Ma Vienna, perché Vienna? Perché l’Austria? Niente colonie, nessuna immigrazione di massa dai Paesi della ‘mezza luna’, anche se la sua capitale (con l’assedio ottomano del settembre 1683) venne a lungo celebrata come baluardo della cristianità contro l’avanzata dell’Islam. Inimmaginabile che ne avessero coscienza e ‘memoria’ vendicativa questi altri carnefici che hanno seminato violenza e panico nelle piazze e nelle stradine del centro viennese. Eppure tutti capiamo che il filo rosso del terrorismo lega queste offensive del terrore in Paesi diversi del vecchio continente.

Questo filo rosso, questo denominatore comune, si chiama Europa, l’Europa che tanto fa discutere noi europei, che ci divide, ci contrappone, ci delude. Ma che gli occhi del fanatismo vedono per quello che è, e che proprio noi non dovremmo dimenticare, e semmai continuare a consolidare: il teatro in perenne, faticosa e contraddittoria costruzione di una democrazia certo imperfetta, la tutela di tutte le minoranze, il rispetto di diritti e libertà, la difesa di chi è fisicamente attaccato anche per qualcosa che non sempre ci piace né ci convince (lo avevamo scritto anche per le vignette di ‘Charlie’).

Può sembrare retorico. Tuttavia è il patrimonio comune della civiltà europea, pur con tutti i suoi errori (‘guerre sbagliate’, neo-colonialismo, fobie indotte e mancate integrazioni). Lo dimentichiamo spesso, magari ammirati da chi con disprezzo ritiene che la nostra civiltà imperfetta sia ormai ‘obsoleta’. Non lo dimentica, invece, chi, in nome di una interpretazione assolutista, barbara, fanatica, fideistica, questo modello vorrebbe terrorizzare e sconfiggere. E che ispira un odio che ormai nemmeno necessita un ordine per agire contro la ragione, contro la laicità, contro la libertà di pensiero. E che continuerà a farlo.

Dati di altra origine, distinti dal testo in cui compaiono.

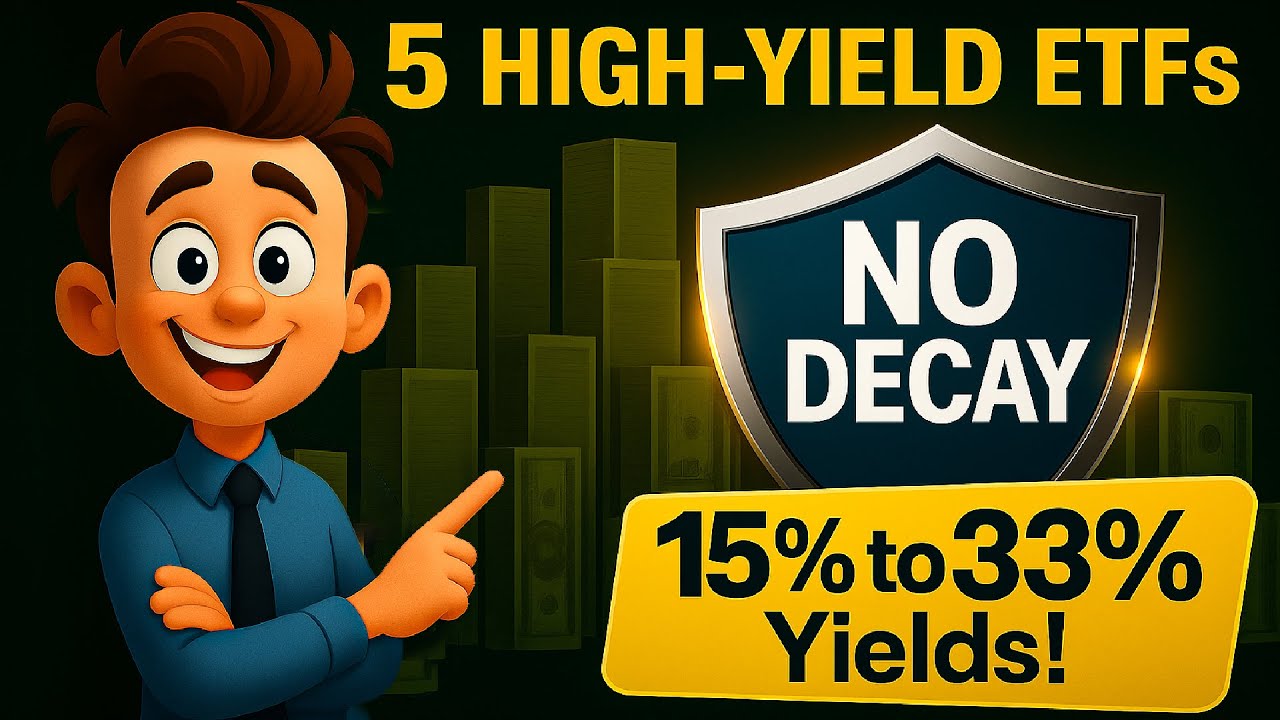 5 High-Yield ETFs That Don’t Decay! (15–33% Yields)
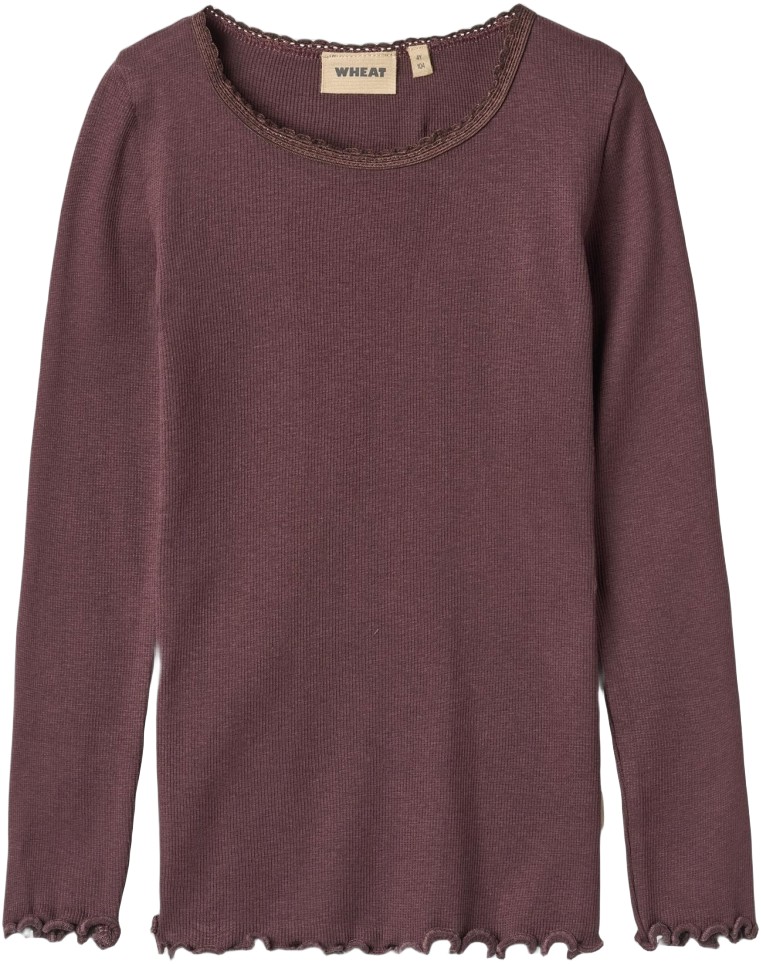 Langærmet Rib Tshirt Reese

È sempre difficile ribadirlo proprio quando la violenza terroristica si impossessa delle nostre città, quando un’intima rivolta sospinge verso la voglia di repliche basate sulla forza impossibile e sulla chiusura velleitaria, quando le condanne e la solidarietà delle comunità musulmane non ci appaiono sufficientemente nette e partecipi. Ma ricordiamoci, anche nell’ora dell’indignazione, che l’obiettivo di questo terrorismo è nitido. Trascinarci nelle loro tragiche negazioni. Un passo fuori la nostra civiltà. Sarebbe la loro vittoria.